Wersten/Himmelgeist: Stadt scheitert mit Wohnbauplänen in der BV 9

Wersten/Himmelgeist : Stadt scheitert mit Wohnbauplänen in der BV 9

Mit ihren Plänen für eine Bebauung des Grundstücks zwischen Ickerswarder und Münchener Straße hat die Verwaltung kein Glück. Auf der inzwischen gerodeten Grünfläche hatte die Stadt zunächst eine Flüchtlingsunterkunft bauen wollen – da gab es zunächst wegen der geplanten Größe Protest aus Wersten und Himmelgeist – und stoppte dann überraschend alle weiteren Planungen.

Auch vor dem Hintergrund, dass inzwischen weniger Flüchtlinge nach Düsseldorf kommen. Nun plant die Verwaltung auf dem rund zwei Hektar großen Areal ein neues Wohngebiet mit 65 Wohnungen in Mehrfamilienhäuser, sieben Reihenhauszeilen sowie einer dreigruppigen Kita. Laut Stadt gibt es noch keinen Investor.
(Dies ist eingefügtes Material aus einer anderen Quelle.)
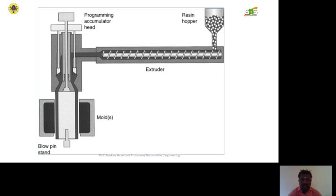In the extruder diagram, the raw material is passed through the hopper, and the extruder transfers the material from the hopper to the accumulator. The material is molded using a heating unit. Finally, after injection, you can get the finished shape.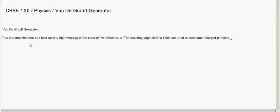These charged particles can be electrons, protons, or ions. So what is the working principle? This machine works on the principle that when electric charge is given to the interior of a conductor — that means when electric charge is introduced inside the conductor — this charge goes on to the outer surface of the conductor.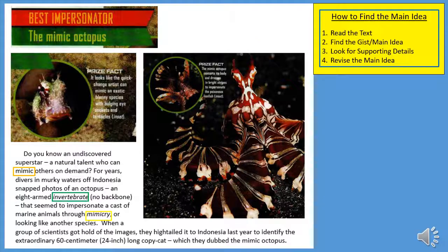How to find the main idea: first you must read the text, find the gist or main idea and write it down, go back and read again looking for supporting details, then revise the main idea so it fits all the details you've included. Best Impersonator: the Mimic Octopus.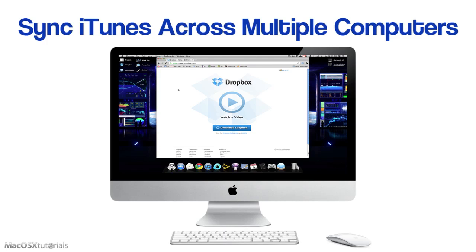Hello good people! We have another exciting tutorial for you guys today, as always. And in today's tutorial, I'm going to show you guys how to sync your iTunes library across multiple computers.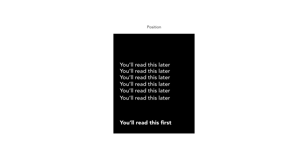The third principle is position. Taking something out of a group or placing it in an unexpected position grabs our attention. You can move things, rotate them, or make something slightly unusual in the layout to draw the user's attention to it. Motion is also a powerful way to create hierarchy — when something moves on screen, it grabs our attention, so animation and interaction can also signal that something is more important than other elements.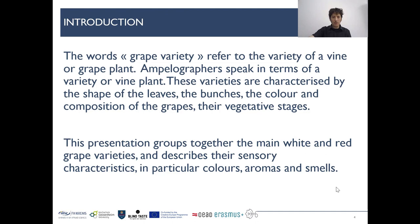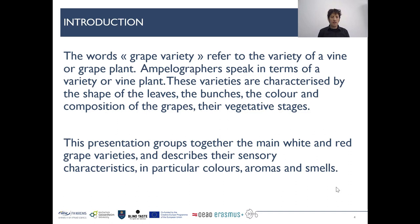While talking about a grape variety, we refer to a variety of a vine or grape plant. So-called ampelographers speak about a variety or a vine plant. These varieties are characterized by the shape of the leaves, the specific shape of the bunches, the color, the composition of the grapes and their vegetative status. In this presentation we will talk about varieties in terms of their sensory characteristics and what specific flavor their wines can have.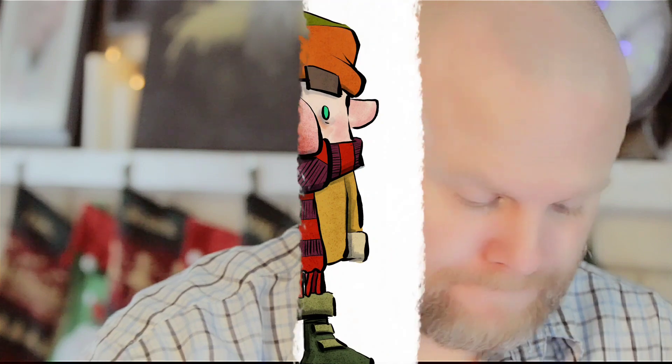All right, let's get right into it. I'm going to draw one of Santa's little helpers using just the basic shapes.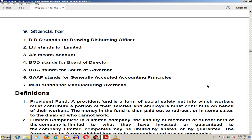GAAP stands for Generally Accepted Accounting Principles. Uske baad MOH stands for Manufacturing Overhead, this is also written as FOH.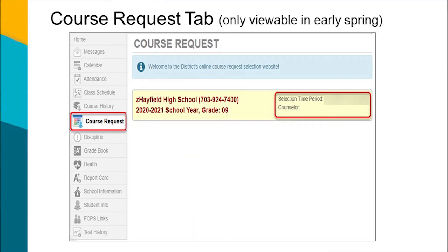The course request tab is not available for elementary school students. For middle and high school students, the course request shows the classes that a student has requested for the next school year. This is not a guarantee of any placements and it is only available after a new school year is created.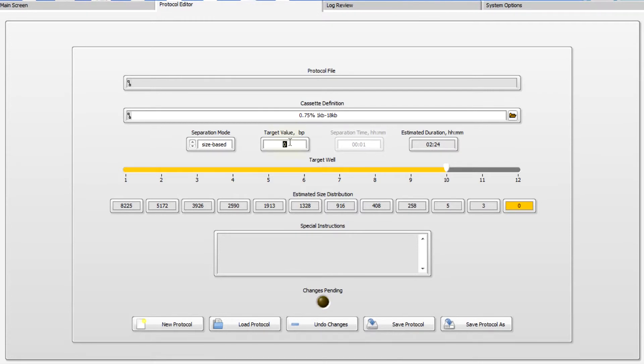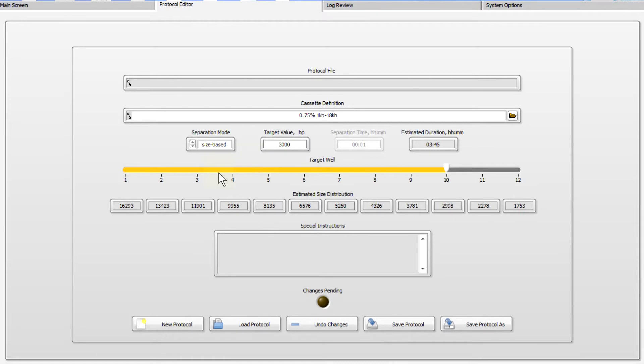In the remaining wells, values will be estimated. For most accurate collections, every well target should be within the range indicated in the cassette definition.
Doch in der jüngsten Sitzung der Bezirksvertretung (BV) 9 stießen diese Pläne auf heftigen Widerstand. Der mündet sogar darin, dass die Mitglieder dem am 14. November dazu tagenden Planungsausschuss empfiehlt, zum jetzigen Zeitpunkt der für einen Bebauungsplan-Vorentwurf nötigen Öffentlichkeitsbeteiligung nicht zuzustimmen. Die Stadteilpolitiker haben nämlich erheblichen Klärungsbedarf, was das Grundstück anbetrifft: Umwelttechnisch geht es um die Frage der Frischluftzufuhr für die Stadt, die auch über das Areal führt, sowie ob es beim Bau der vorgesehenen Tiefgaragen zu Problemen mit dem Grundwasser kommt. Ernst Welski, der für die Grünen in der BV 9 sitzt, fordete sogar, dass dort gar nicht gebaut werden sollte.
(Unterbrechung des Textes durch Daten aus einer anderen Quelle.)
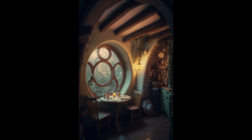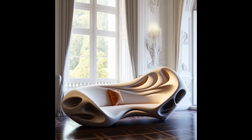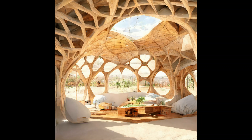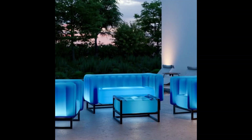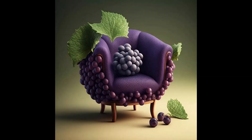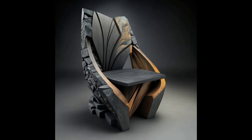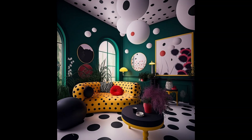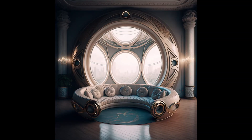Welcome back, fellow design enthusiasts. Today we embark on a journey into the realm of fantasy and creativity, as we explore the captivating world of organic architecture. In this episode, we will dive into the design process of an aesthetically modern living world, showcasing the unique features and principles that make organic architecture truly remarkable.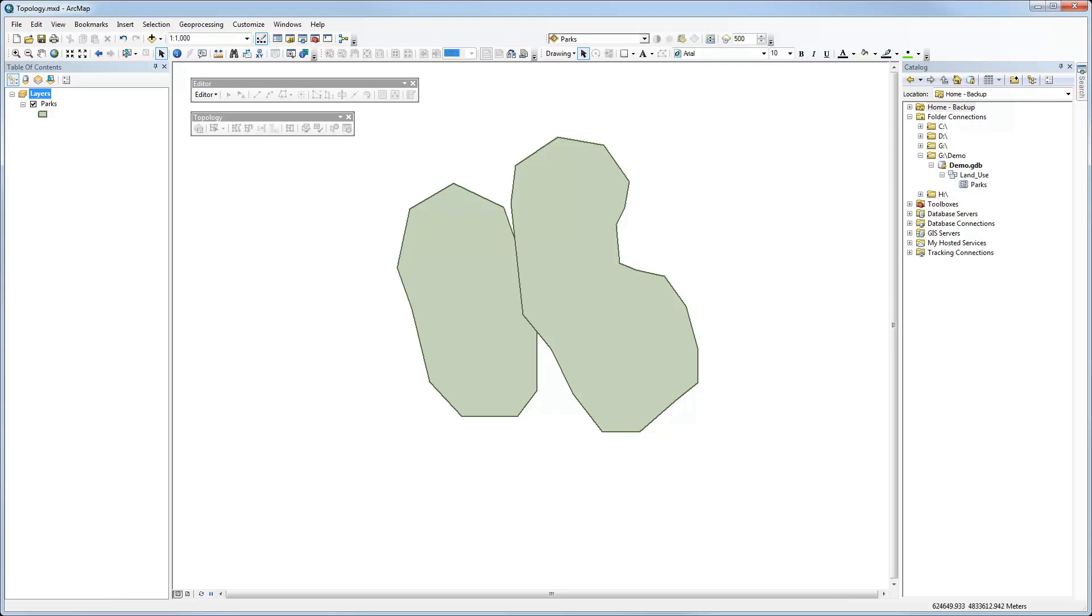Let's have a look at how to build topology in ArcMap 10.1. This is a very simple scenario. You've got a couple of shapes, polygons here, that have an overlap between them.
Aber nicht nur das monierten die BV-Mitglieder an den Planungen. In den vergangenen Monaten hatten sie nämlich selber Vorschläge für eine mögliche Nutzung des Geländes gemacht: Christoph Schork, der für die FDP in der BV sitzt, hatte den Bau eines Studentenwohnheims angeregt; zudem war auch die Idee entstanden, ob dort nicht die Werstener Feuerwache neu gebaut werden kann. Dieses, so hieß es in der Sitzung, sei von der Verwaltung auch geprüft worden. Allerdings habe man sich für ein anderes Grundstück in Wersten entschieden, für das aktuell die Verkaufsverhandlungen liefen.

An der stark sanierungsbedürftigen Wache am Werstener Feld gibt es ein Problem mit perfluorierten Tensiden (PFT) im Grundwasser. Deswegen plant die Stadt statt einer Sanierung einen Neubau an anderer Stelle. Wo dieser ist, das wollen die BV-Mitglieder in ihrer nächsten Sitzung am 23. November im nichtöffentlichen Teil von der Verwaltung erfahren.